Patch for https://sourceware.org/bugzilla/show_bug.cgi?id=22161

 "From the bz: in nscd/netgroupcache.c in addinnetgrX() we call
  mempool_alloc(..., 1) which takes a lock on the database.  If we
  exit via the "bump timeout" clause, the lock is not released."

This patch adds an unlock if mempool_alloc actually took a lock, in
the case where we return early because the timeout hasn't timed out.

Because the dangling lock is a read lock, queries to the database
continue to work.  The cache prune thread eventually becomes
deadlocked, and queries stop seeing updates (i.e. they return stale
data forever).

Original patch by Al Heisner via https://bugzilla.redhat.com/show_bug.cgi?id=1277672

2017-09-20  DJ Delorie  <dj@redhat.com>

	* nscd/netgroupcache.c (addinnetgrX): Release read lock after
	bumping timeout values.
Jonathan Nieder - Sept. 20, 2017, 11:07 p.m.
DJ Delorie wrote:

> Patch for https://sourceware.org/bugzilla/show_bug.cgi?id=22161
>
>  "From the bz: in nscd/netgroupcache.c in addinnetgrX() we call
>   mempool_alloc(..., 1) which takes a lock on the database.  If we
>   exit via the "bump timeout" clause, the lock is not released."
>
> This patch adds an unlock if mempool_alloc actually took a lock, in
> the case where we return early because the timeout hasn't timed out.
>
> Because the dangling lock is a read lock, queries to the database
> continue to work.  The cache prune thread eventually becomes
> deadlocked, and queries stop seeing updates (i.e. they return stale
> data forever).
>
> Original patch by Al Heisner via https://bugzilla.redhat.com/show_bug.cgi?id=1277672
>
> 2017-09-20  DJ Delorie  <dj@redhat.com>
>
> 	* nscd/netgroupcache.c (addinnetgrX): Release read lock after
> 	bumping timeout values.

Reviewed-by: Jonathan Nieder <jrnieder@gmail.com>

Thank you.

> diff --git a/nscd/netgroupcache.c b/nscd/netgroupcache.c
> index cd0c3ea..3ca96f8 100644
> --- a/nscd/netgroupcache.c
> +++ b/nscd/netgroupcache.c
> @@ -584,6 +584,8 @@ addinnetgrX (struct database_dyn *db, int fd, request_header *req,
>        dh->timeout = timeout;
>        dh->ttl = dataset->head.ttl;
>        ++dh->nreloads;
> +      if (cacheable)
> +        pthread_rwlock_unlock (&db->lock);
>        return timeout;
>      }
>
Andreas Schwab - Sept. 21, 2017, 7:08 a.m.
On Sep 20 2017, DJ Delorie <dj@redhat.com> wrote:

> Patch for https://sourceware.org/bugzilla/show_bug.cgi?id=22161
>
>  "From the bz: in nscd/netgroupcache.c in addinnetgrX() we call
>   mempool_alloc(..., 1) which takes a lock on the database.  If we
>   exit via the "bump timeout" clause, the lock is not released."
>
> This patch adds an unlock if mempool_alloc actually took a lock, in
> the case where we return early because the timeout hasn't timed out.
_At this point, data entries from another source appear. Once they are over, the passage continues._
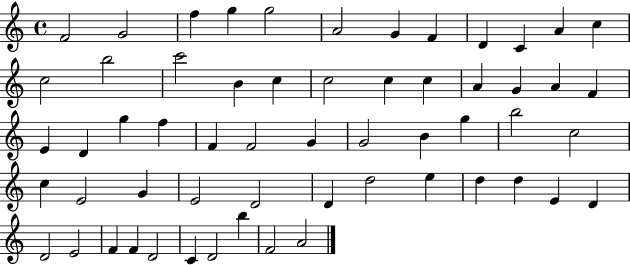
X:1
T:Untitled
M:4/4
L:1/4
K:C
F2 G2 f g g2 A2 G F D C A c c2 b2 c'2 B c c2 c c A G A F E D g f F F2 G G2 B g b2 c2 c E2 G E2 D2 D d2 e d d E D D2 E2 F F D2 C D2 b F2 A2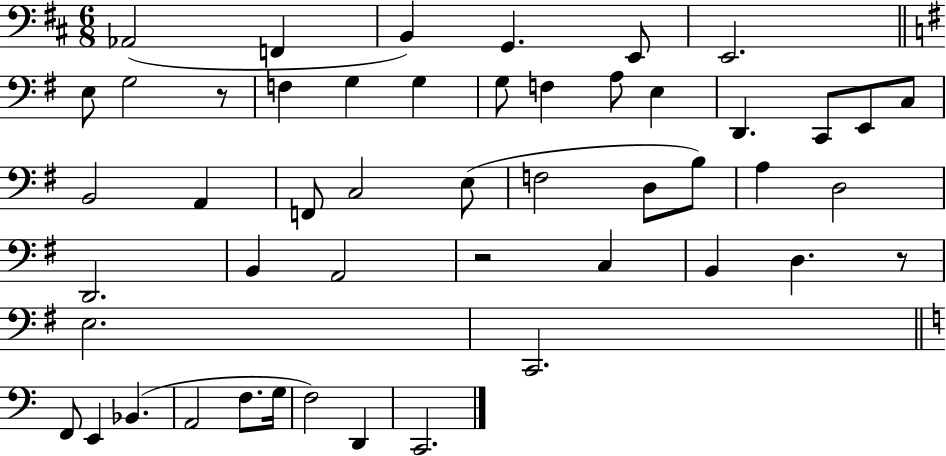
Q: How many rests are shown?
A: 3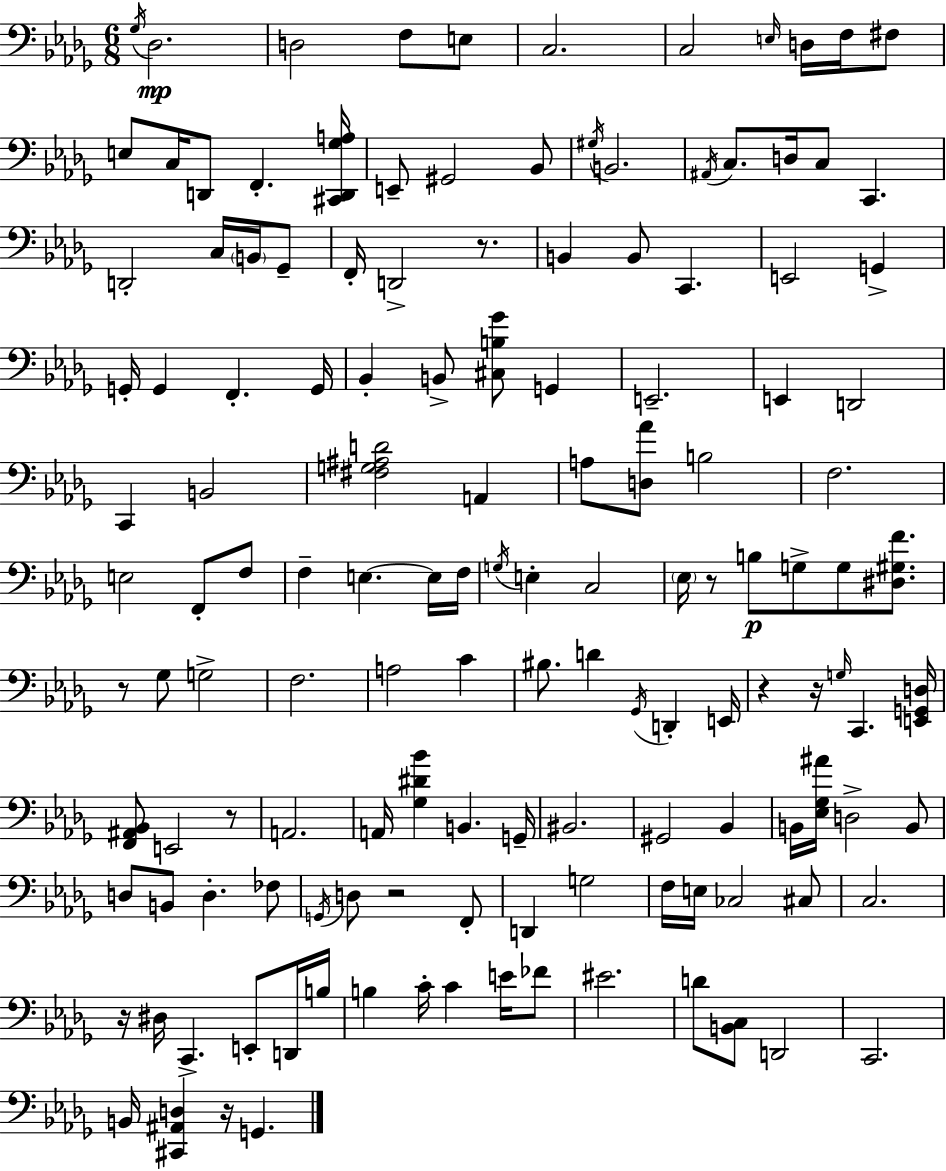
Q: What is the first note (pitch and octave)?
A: Gb3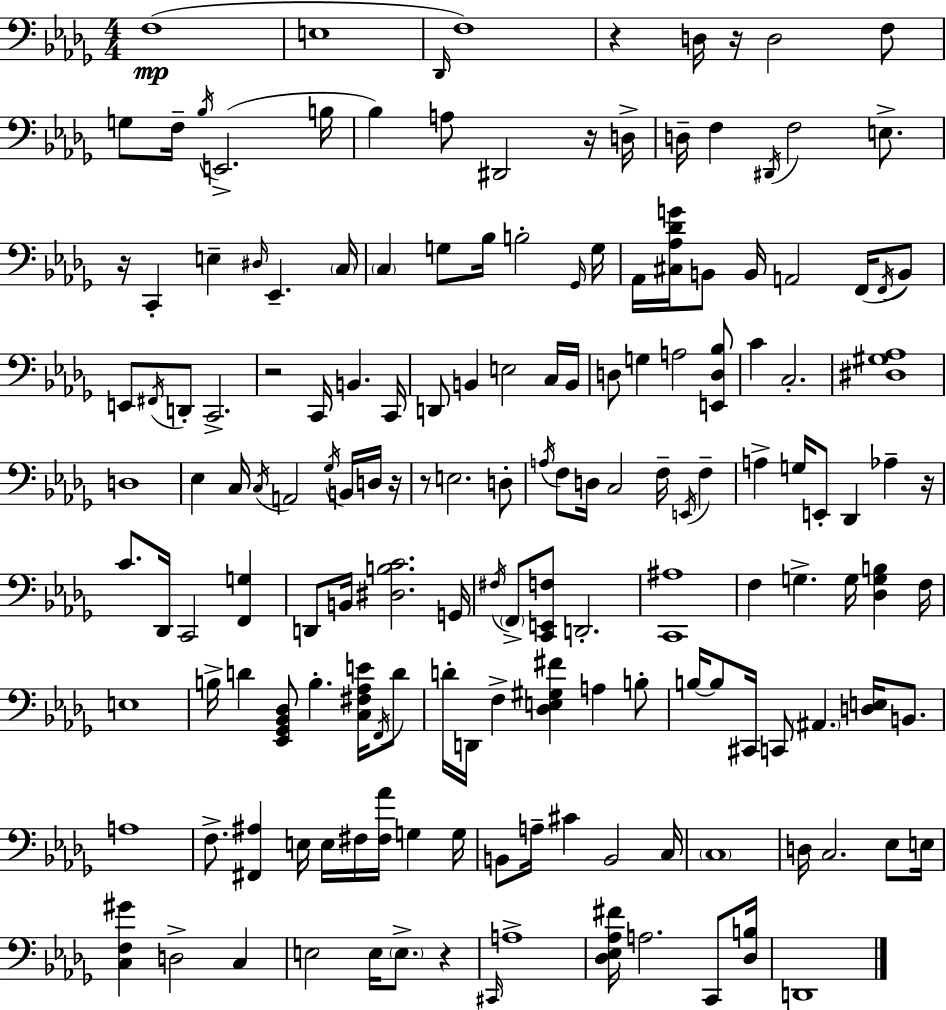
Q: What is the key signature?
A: BES minor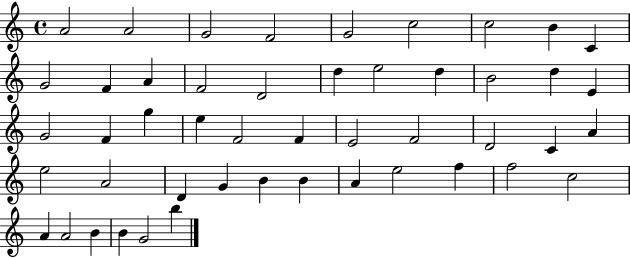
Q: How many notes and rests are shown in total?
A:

What about the uses of mempool_alloc in the other *cache.c
implementations.  Are they ok?

Andreas.
Paul Clarke - Sept. 21, 2017, 2:30 p.m.
just a nit, but your subject line misspells "nscd".

PC

Patch

diff --git a/nscd/netgroupcache.c b/nscd/netgroupcache.c
index cd0c3ea..3ca96f8 100644
--- a/nscd/netgroupcache.c
+++ b/nscd/netgroupcache.c
@@ -584,6 +584,8 @@  addinnetgrX (struct database_dyn *db, int fd, request_header *req,
       dh->timeout = timeout;
       dh->ttl = dataset->head.ttl;
       ++dh->nreloads;
+      if (cacheable)
+        pthread_rwlock_unlock (&db->lock);
       return timeout;
     }